Um ano atrás o metal ainda estava em baixa, quando, finalmente, engatou um recuperação, puxado pela crescente demanda por veículos elétricos.
A Europa teve papel central nessa reação. Com o pacote de estímulo econômico pós-pandemia focando numa retomada verde, a demanda por carros elétricos deslanchou no continente, deslocando a China do posto de maior mercado.
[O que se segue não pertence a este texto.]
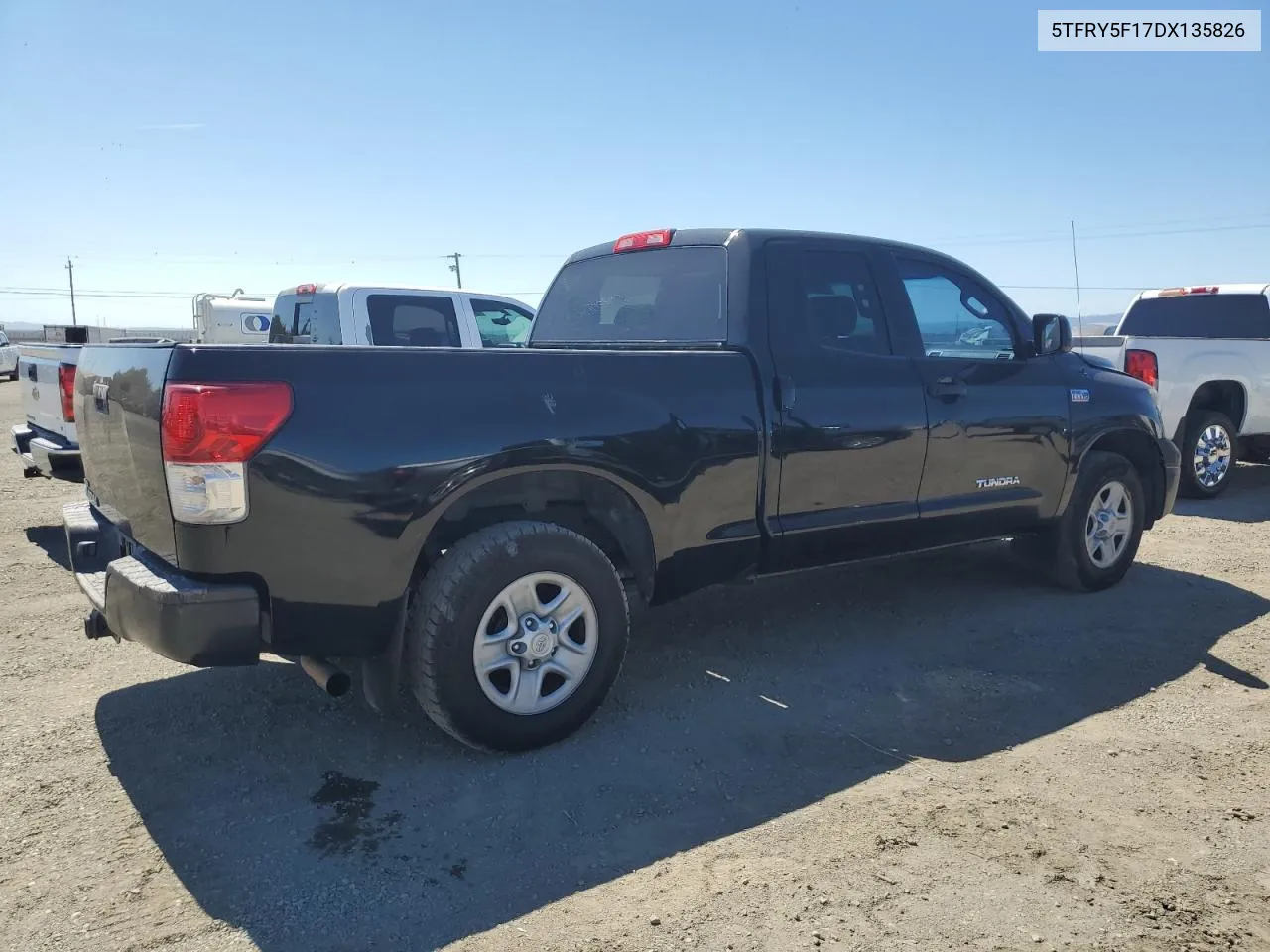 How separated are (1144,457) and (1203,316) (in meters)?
4.83

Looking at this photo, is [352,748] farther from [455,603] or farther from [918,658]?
[918,658]

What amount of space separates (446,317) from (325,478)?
22.2 ft

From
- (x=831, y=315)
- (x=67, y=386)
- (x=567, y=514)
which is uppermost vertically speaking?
(x=831, y=315)

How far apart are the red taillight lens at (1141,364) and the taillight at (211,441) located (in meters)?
8.04

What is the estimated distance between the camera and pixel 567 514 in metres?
3.92

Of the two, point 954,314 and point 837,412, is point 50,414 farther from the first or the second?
point 954,314

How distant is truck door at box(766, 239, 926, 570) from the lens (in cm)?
428

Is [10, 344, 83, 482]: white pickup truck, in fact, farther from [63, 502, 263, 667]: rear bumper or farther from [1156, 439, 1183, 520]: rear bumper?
[1156, 439, 1183, 520]: rear bumper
Com as metas de redução de emissões de gases de efeito-estufa adotadas por Europa, China e Estados Unidos, há estimativas de que os carros elétricos alcancem 30% das vendas globais já em 2025.
O preço do lítio surfou nessa onda e a Sigma foi junto. Como o projeto continuou sendo implementado nos tempos de vacas magras do mercado, enquanto concorrentes paralisaram planos, a empresa deverá tirar partido de um cenário de escassez do material até que oferta e demanda se ajustem. Em um ano, as ações da mineradora subiram 342%, levando seu valor de mercado a US$ 675 milhões.